- **PROBLEM STATEMENT**
Nothing below is to be printed except the lines between the line holding "Walk-in shower with" and the line holding "vibrant blue background.", inclusive, each exactly as it appears.

- **DATA UNDER STUDY**
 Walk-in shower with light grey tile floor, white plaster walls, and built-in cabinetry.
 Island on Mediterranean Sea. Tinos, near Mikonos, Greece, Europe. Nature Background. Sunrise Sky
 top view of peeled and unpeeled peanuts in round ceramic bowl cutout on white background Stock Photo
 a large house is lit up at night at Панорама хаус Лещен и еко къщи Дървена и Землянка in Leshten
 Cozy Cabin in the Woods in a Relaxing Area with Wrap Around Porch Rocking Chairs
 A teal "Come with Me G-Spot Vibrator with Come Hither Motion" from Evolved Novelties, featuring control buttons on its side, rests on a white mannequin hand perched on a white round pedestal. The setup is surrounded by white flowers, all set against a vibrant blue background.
* * *
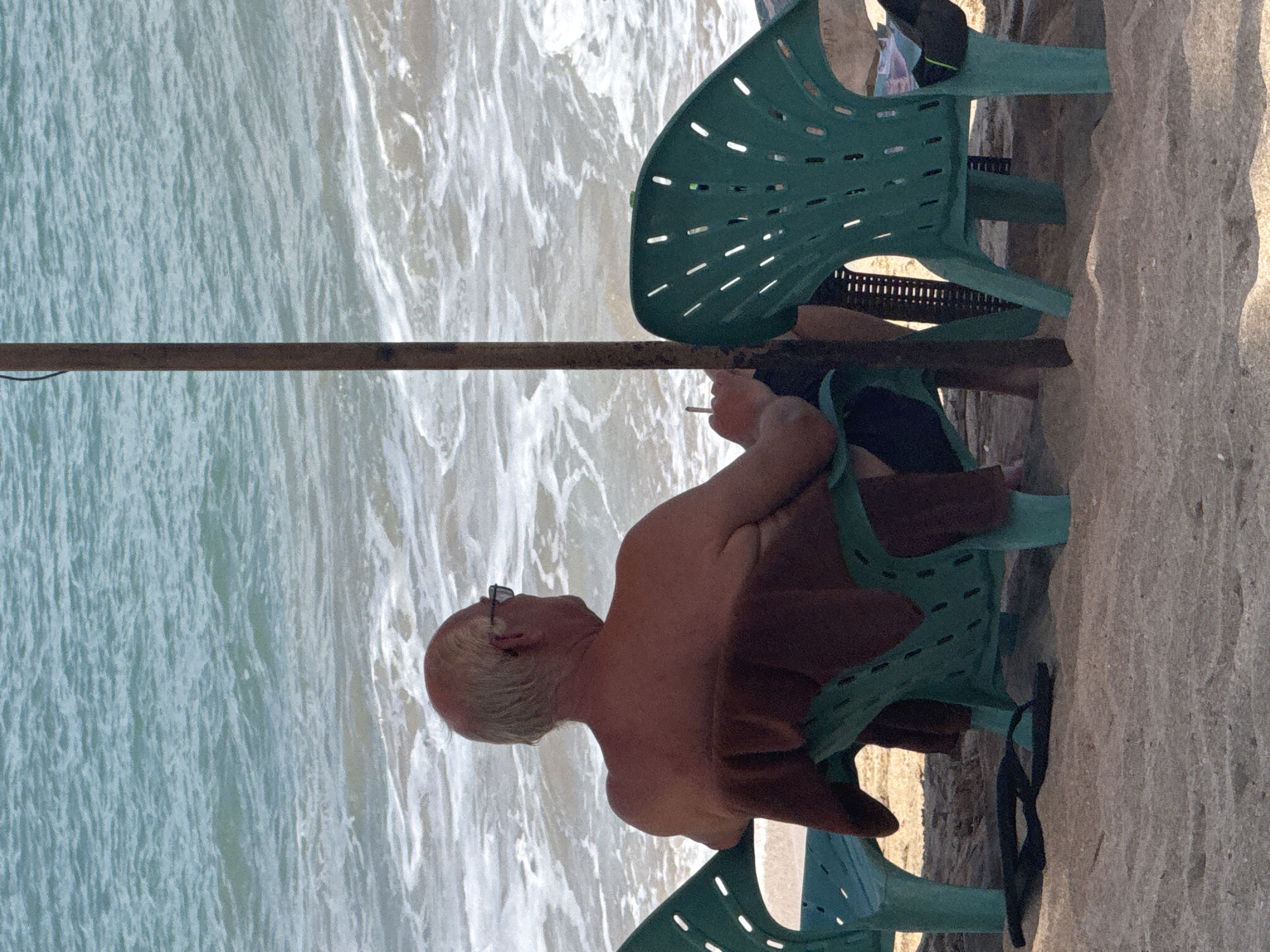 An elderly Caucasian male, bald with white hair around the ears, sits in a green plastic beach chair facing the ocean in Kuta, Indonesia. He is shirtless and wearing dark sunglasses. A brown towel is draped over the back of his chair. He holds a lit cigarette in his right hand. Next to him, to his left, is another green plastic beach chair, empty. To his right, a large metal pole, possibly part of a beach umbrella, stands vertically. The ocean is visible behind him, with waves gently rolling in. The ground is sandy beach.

- **WRITTEN RESPONSE**
 Walk-in shower with light grey tile floor, white plaster walls, and built-in cabinetry.
 Island on Mediterranean Sea. Tinos, near Mikonos, Greece, Europe. Nature Background. Sunrise Sky
 top view of peeled and unpeeled peanuts in round ceramic bowl cutout on white background Stock Photo
 a large house is lit up at night at Панорама хаус Лещен и еко къщи Дървена и Землянка in Leshten
 Cozy Cabin in the Woods in a Relaxing Area with Wrap Around Porch Rocking Chairs
 A teal "Come with Me G-Spot Vibrator with Come Hither Motion" from Evolved Novelties, featuring control buttons on its side, rests on a white mannequin hand perched on a white round pedestal. The setup is surrounded by white flowers, all set against a vibrant blue background.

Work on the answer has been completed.